Input material START

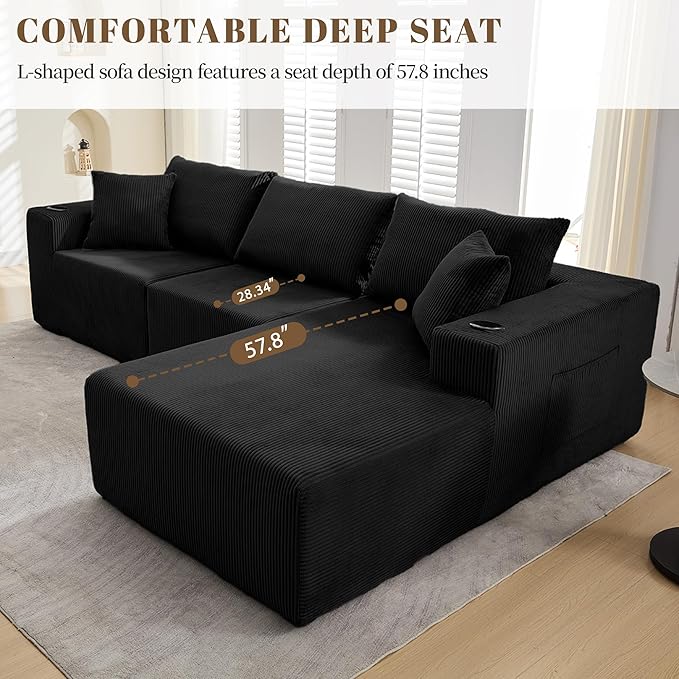 107" Cloud Sectional Couch, Modular Sectional Sofa with L-Shape Chaise, Corduroy Boneless Couch with Deep Seat, Upholstered Sofa for Living Room, No Assembly Required(Right-Facing Chaise, Black)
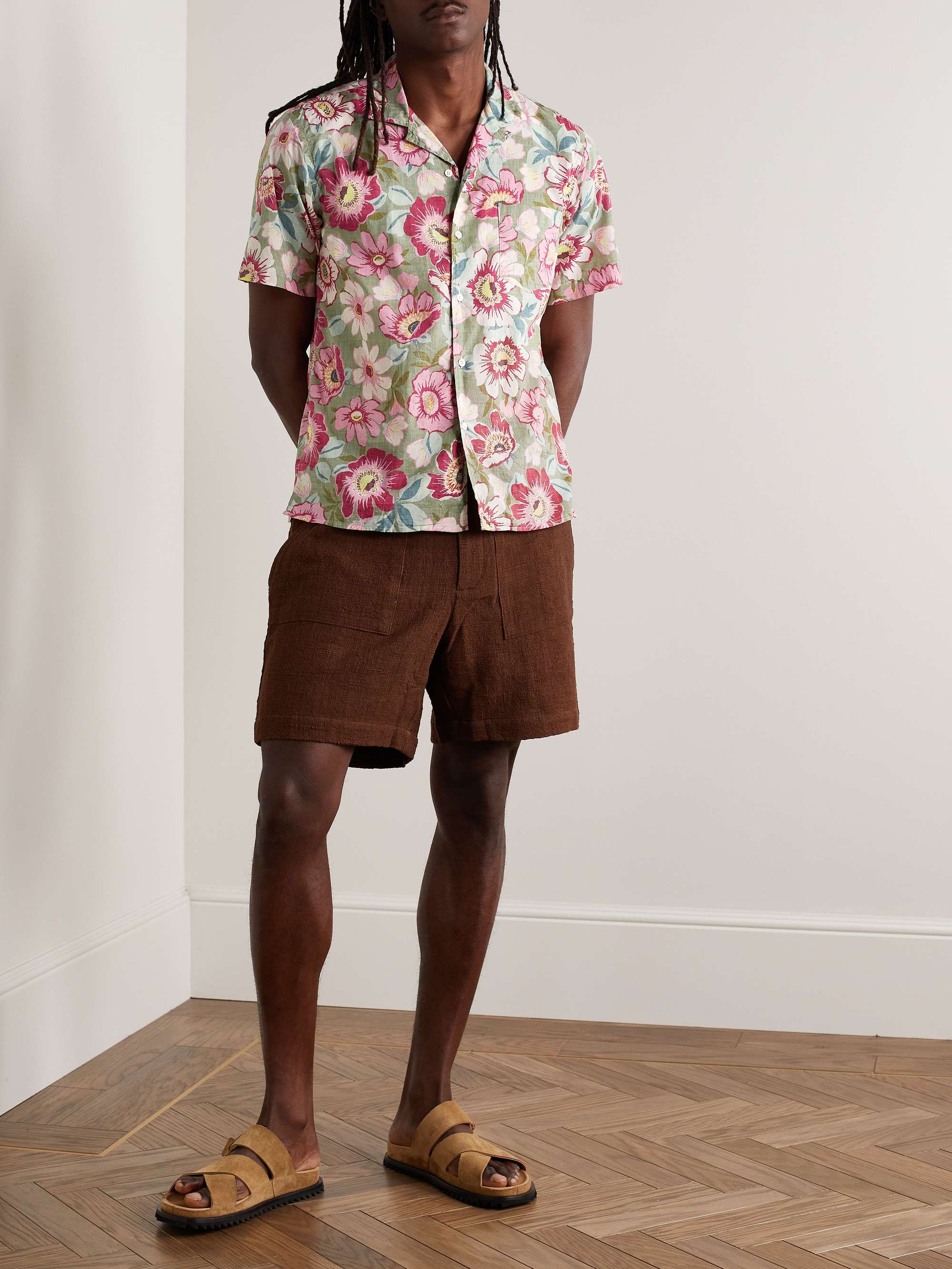 HARTFORD Palm Mc Pat Convertible-Collar Printed Cotton-Voile Shirt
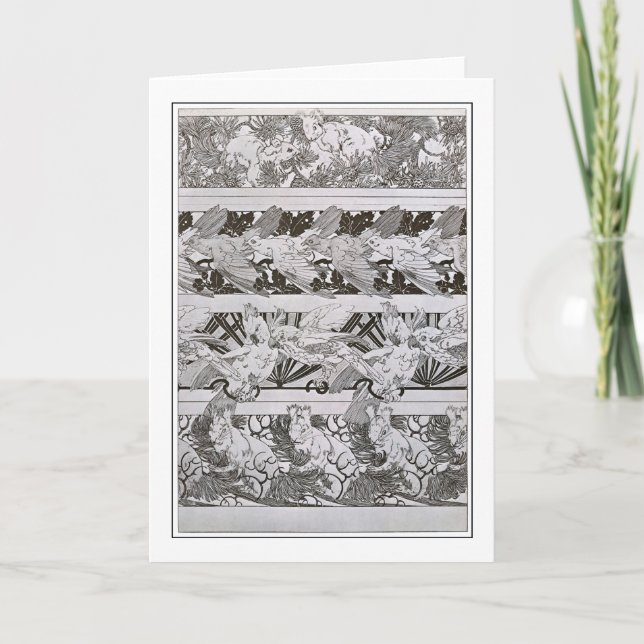 Cartão Esquilos e Pássaros do Estilo Art Nouveau, Mucha (Frente)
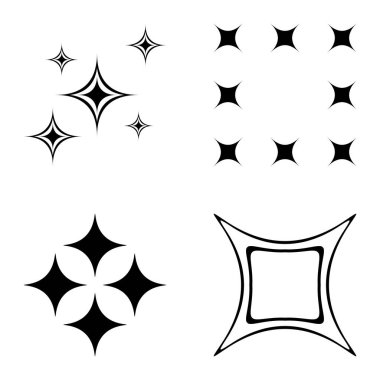 Özet _ 4star2 Düz Simge Seti Beyaz Arkaplanda İzole Edildi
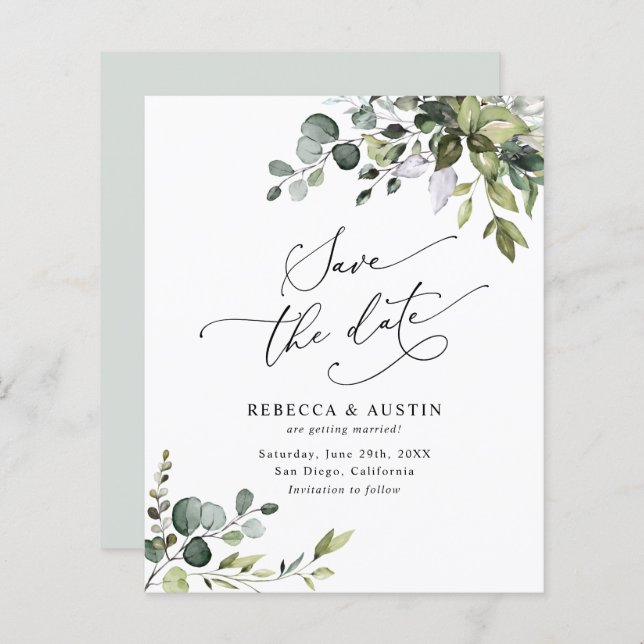 Budget Simple Greenery Wedding Save the Date (Front/Back)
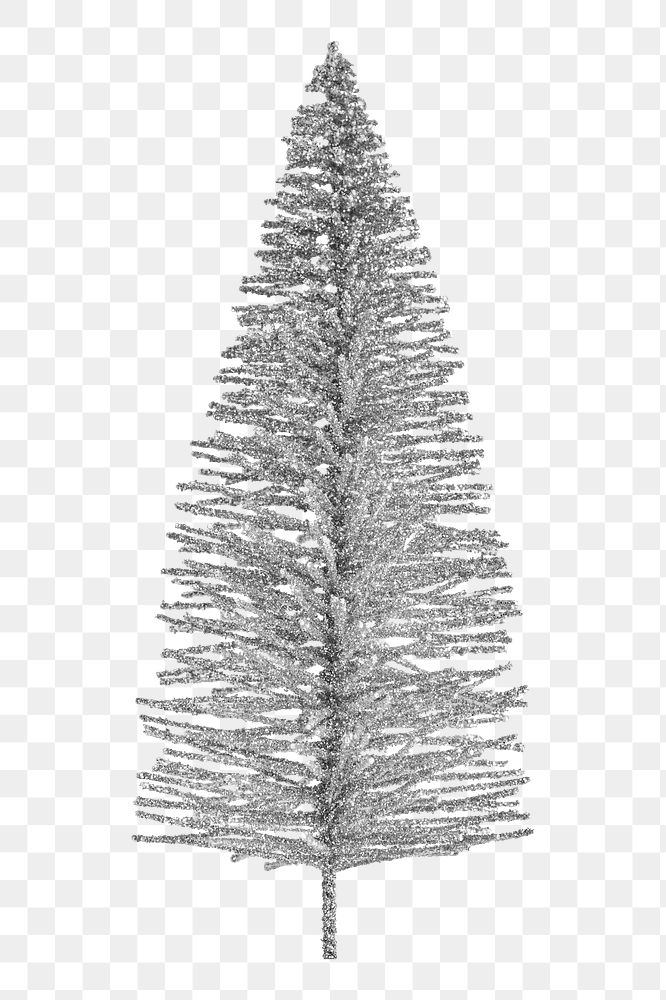 Silver Christmas tree png sticker, transparent background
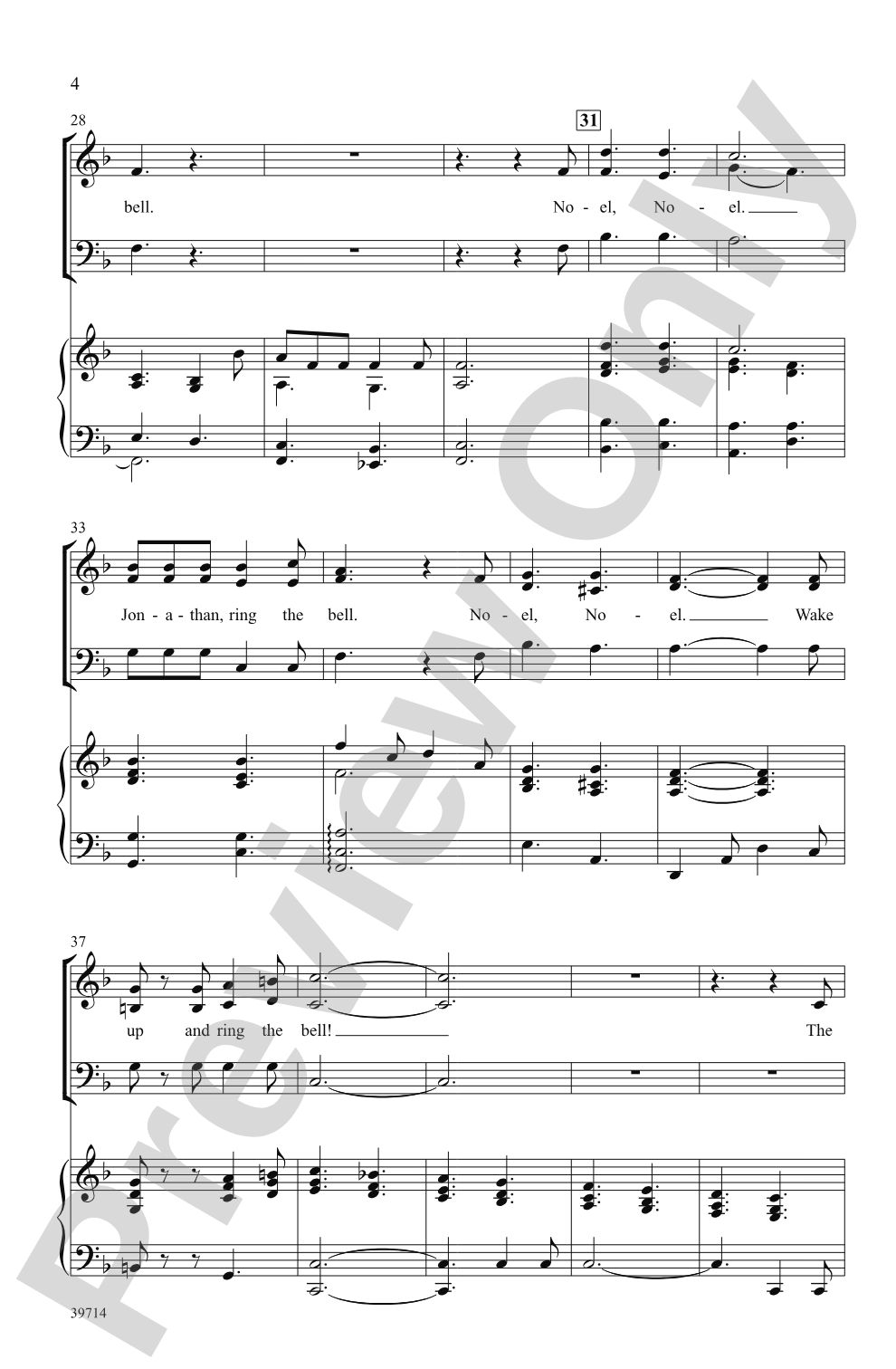 Jonathan's Bell Carol: SAB Choral Octavo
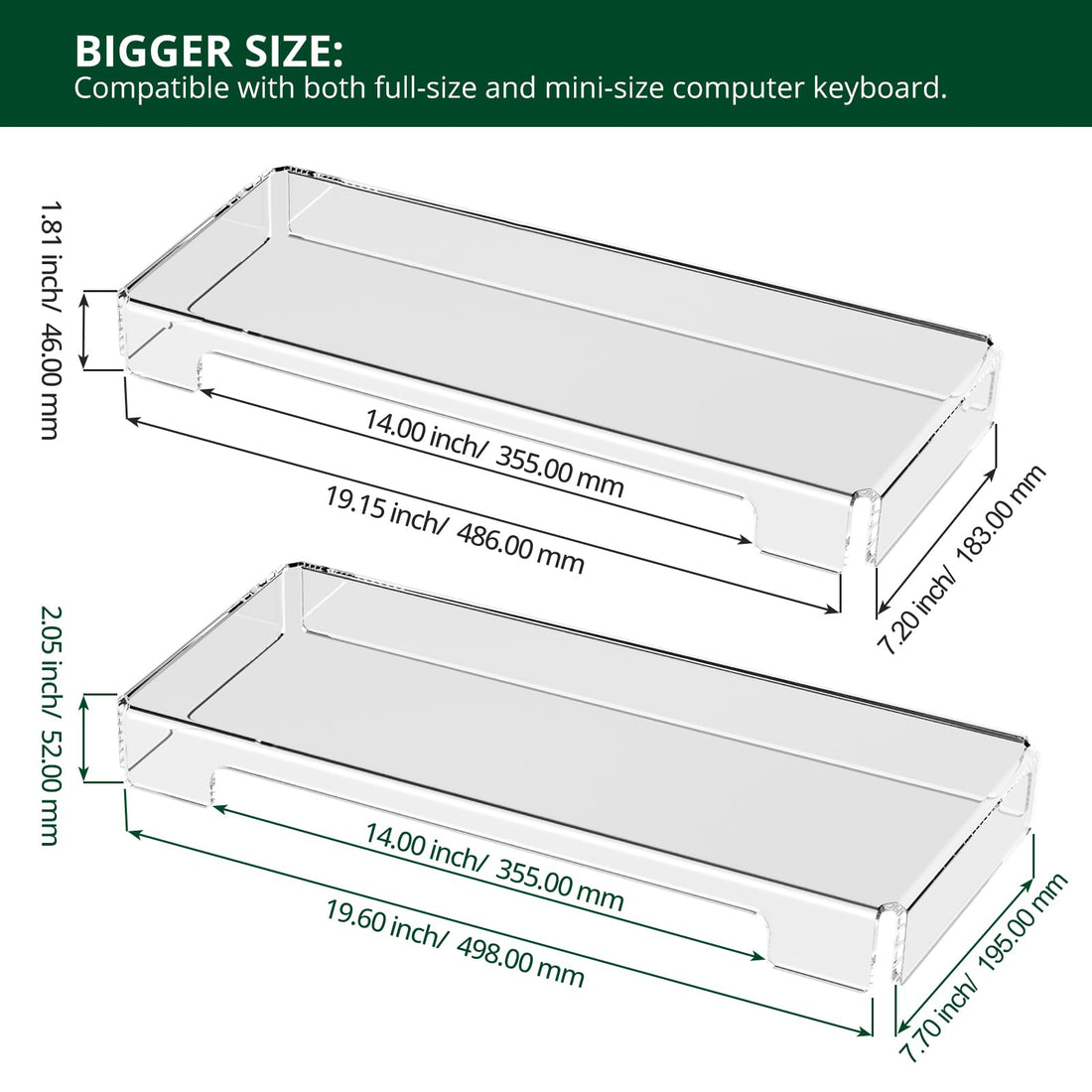 Acrylic Keyboard Dust Cover, 2-Pack – view 3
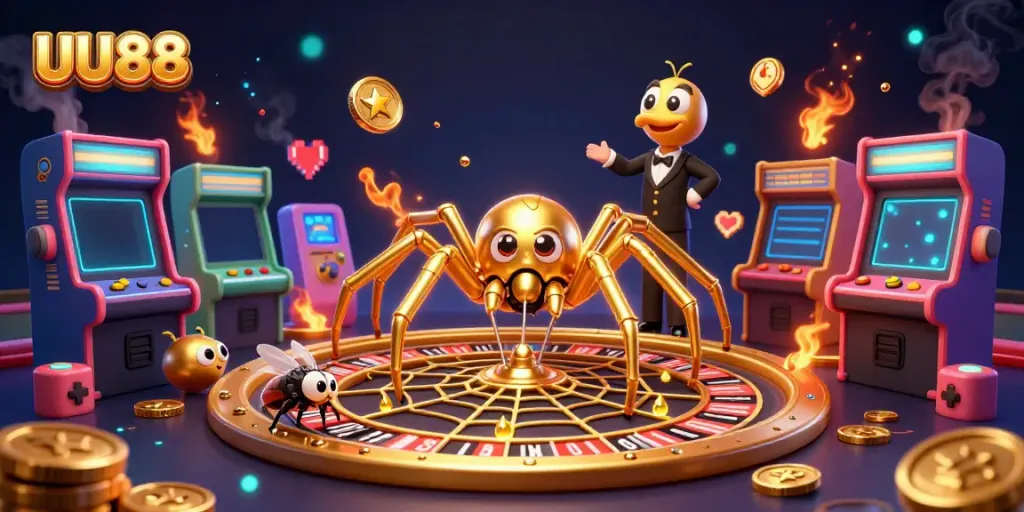 Engage in UU88 gameplay with a lively casino-themed scene featuring vibrant characters and elements.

Input material END

→ Problem statement
What is needed is a word-for-word copy of the lines from the one containing "Özet _ 4star2" through the final line of the records above, both included, with the pictures left out.

→ Response to this exercise
 Özet _ 4star2 Düz Simge Seti Beyaz Arkaplanda İzole Edildi
 Budget Simple Greenery Wedding Save the Date (Front/Back)
 Silver Christmas tree png sticker, transparent background
 Jonathan's Bell Carol: SAB Choral Octavo
 Acrylic Keyboard Dust Cover, 2-Pack – view 3
 Engage in UU88 gameplay with a lively casino-themed scene featuring vibrant characters and elements.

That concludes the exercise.